2. SunAmerica will have the right to designate one person (in
addition to the SunAmerica Designees) to serve as an observer of the Board of
Directors (the "Observer"). The Observer will be given such notices, information
and access to information that is sent or made available to any director of
Danskin. The Observer shall have the right to attend any and all meetings of the
Board of Directors of Danskin, but shall have no voting rights whatsoever at any
such meeting.
3. The Board of Directors shall invite Electra Investments PLC to
designate an individual to become a member of the Board of Directors and shall
create a vacancy on the Board, by increasing the size of the Board of Directors
by one or otherwise, should Electra agree to designate such an individual.
4. The SunAmerica Designees shall receive the same fees and
expense reimbursement as other non-employee directors of Danskin except that any
SunAmerica Designee who is also an employee of SunAmerica or any of its
affiliates shall not receive any fees for service as a director of Danskin. At a
meeting of stockholders to be held prior to June 30, 1997, Danskin shall seek
shareholder approval to increase the number of shares subject to options to
permit the grant of options to the SunAmerica Designees on the same basis as
other non-employee directors and shall grant such options to them.

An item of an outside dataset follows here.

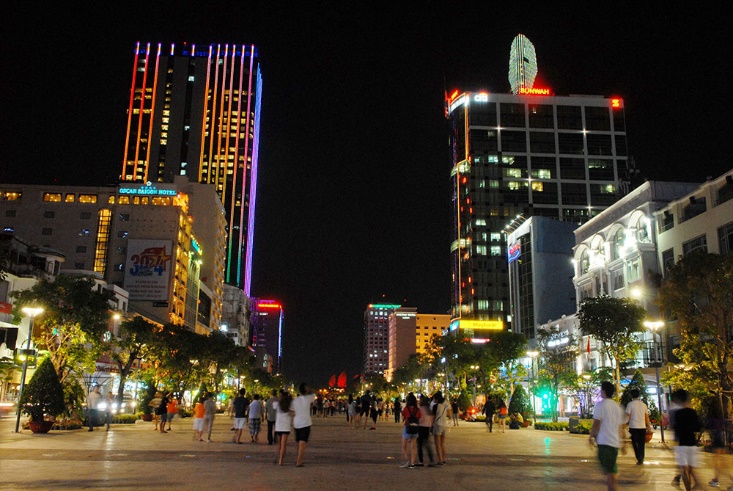 Phố đi bộ Nguyễn Huệ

5. Except as set forth in this agreement the size of the Board of
Directors of Danskin shall not be further increased unless the SunAmerica
Designees vote to approve such increase and Danskin shall amend its bylaws
accordingly.
6. In consideration of the foregoing and so long as Danskin
complies with its obligations hereunder, SunAmerica will, and will cause its
affiliates or nominees (as applicable) to, (a) be present in person or by proxy
at the 1996 annual meeting of stockholders of Danskin and at any other annual
meeting of stockholders of Danskin held to elect directors prior to June 30,
1997 and (b) vote all shares of common stock of Danskin beneficially owned by
any of them at such meeting, in favor of directors nominated by Xxxxxxx.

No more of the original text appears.